• _DIRECTIONS FOR THIS TASK_
In the material below, find the line with "Magic: The Gathering" and the line with "STIMOLATORE CLITORIDE, TECNOLOGIA". Output exactly those two lines and all lines between them, leaving out pictures.

• _MATERIAL SUPPLIED_
⟨

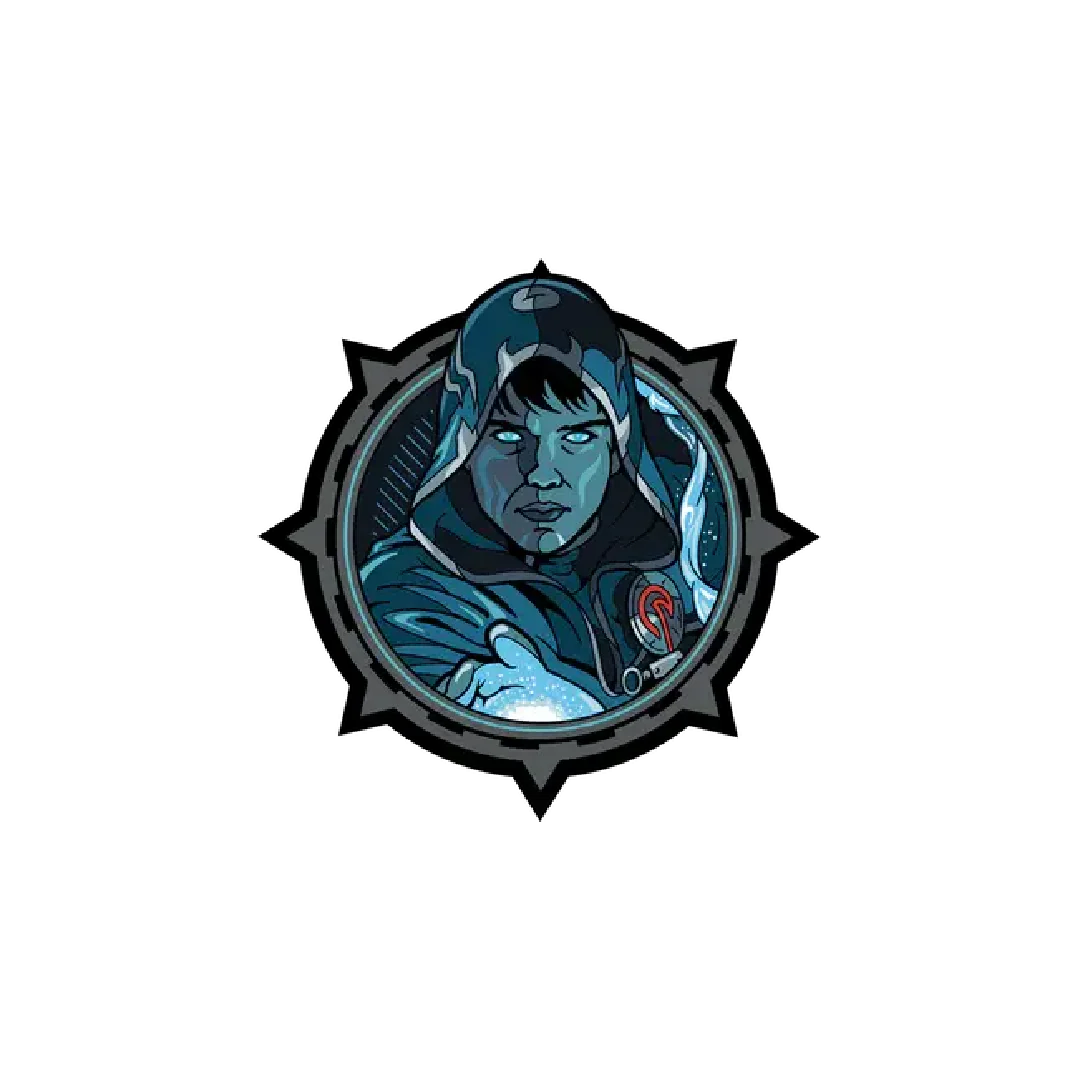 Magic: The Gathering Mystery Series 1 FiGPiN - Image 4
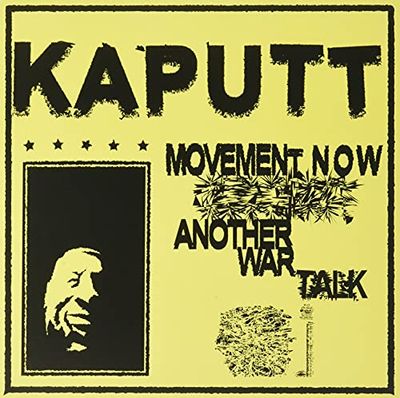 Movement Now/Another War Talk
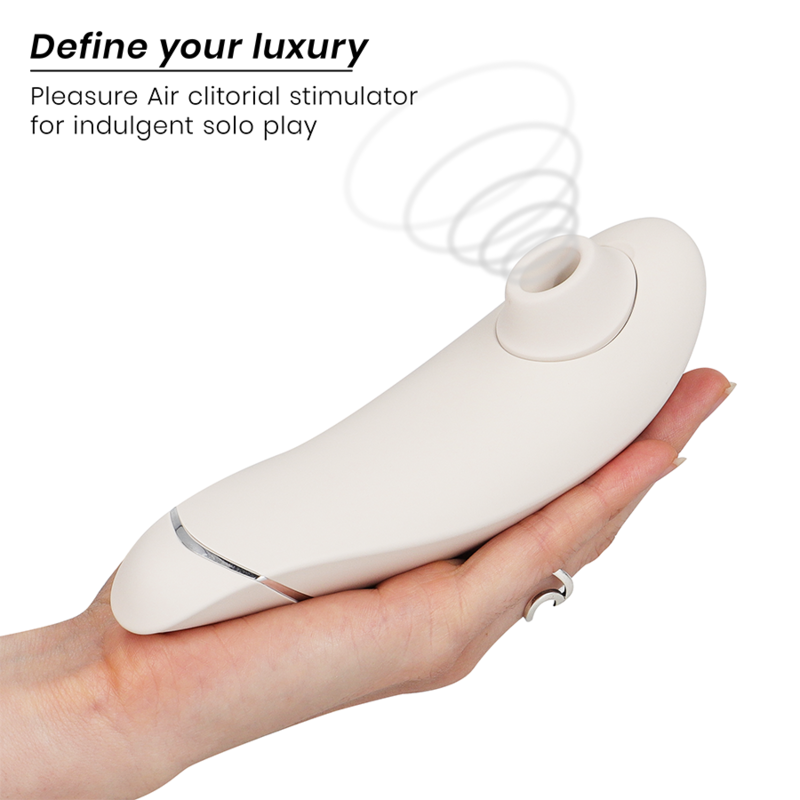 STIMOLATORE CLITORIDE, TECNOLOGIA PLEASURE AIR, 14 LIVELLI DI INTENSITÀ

⟩
⟨

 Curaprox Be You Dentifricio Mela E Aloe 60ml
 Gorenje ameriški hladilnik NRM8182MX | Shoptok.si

⟩
⟨

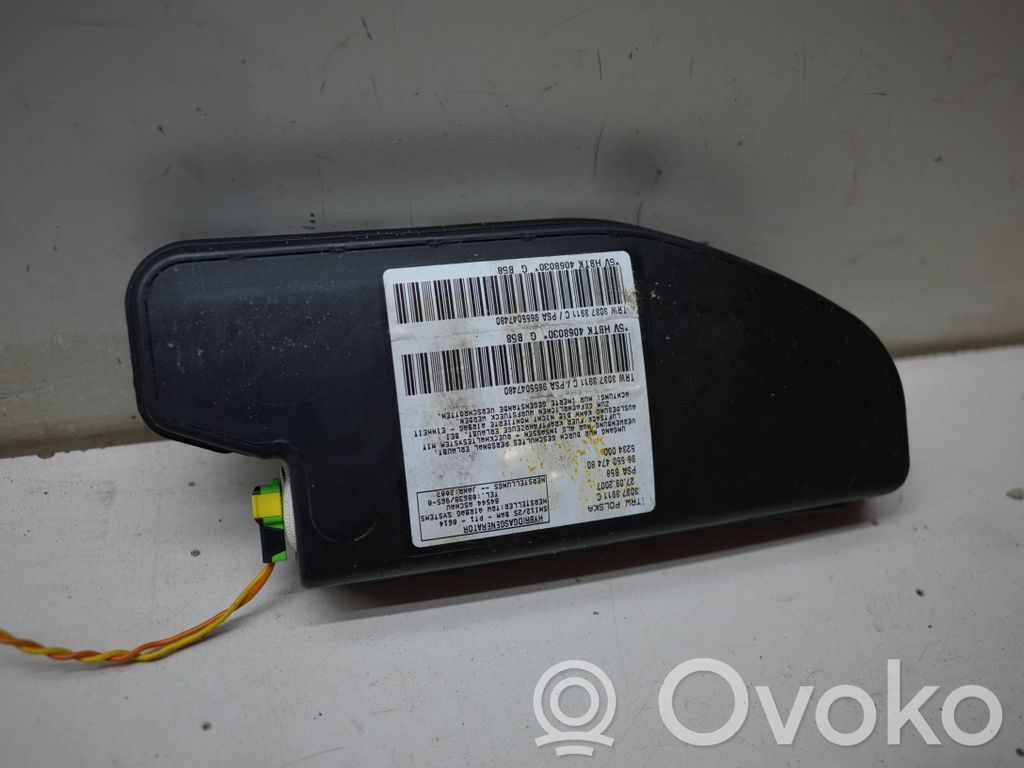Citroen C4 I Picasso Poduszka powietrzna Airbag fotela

⟩

• _REPLY TO THE EXERCISE_
 Magic: The Gathering Mystery Series 1 FiGPiN - Image 4
 Movement Now/Another War Talk
 STIMOLATORE CLITORIDE, TECNOLOGIA PLEASURE AIR, 14 LIVELLI DI INTENSITÀ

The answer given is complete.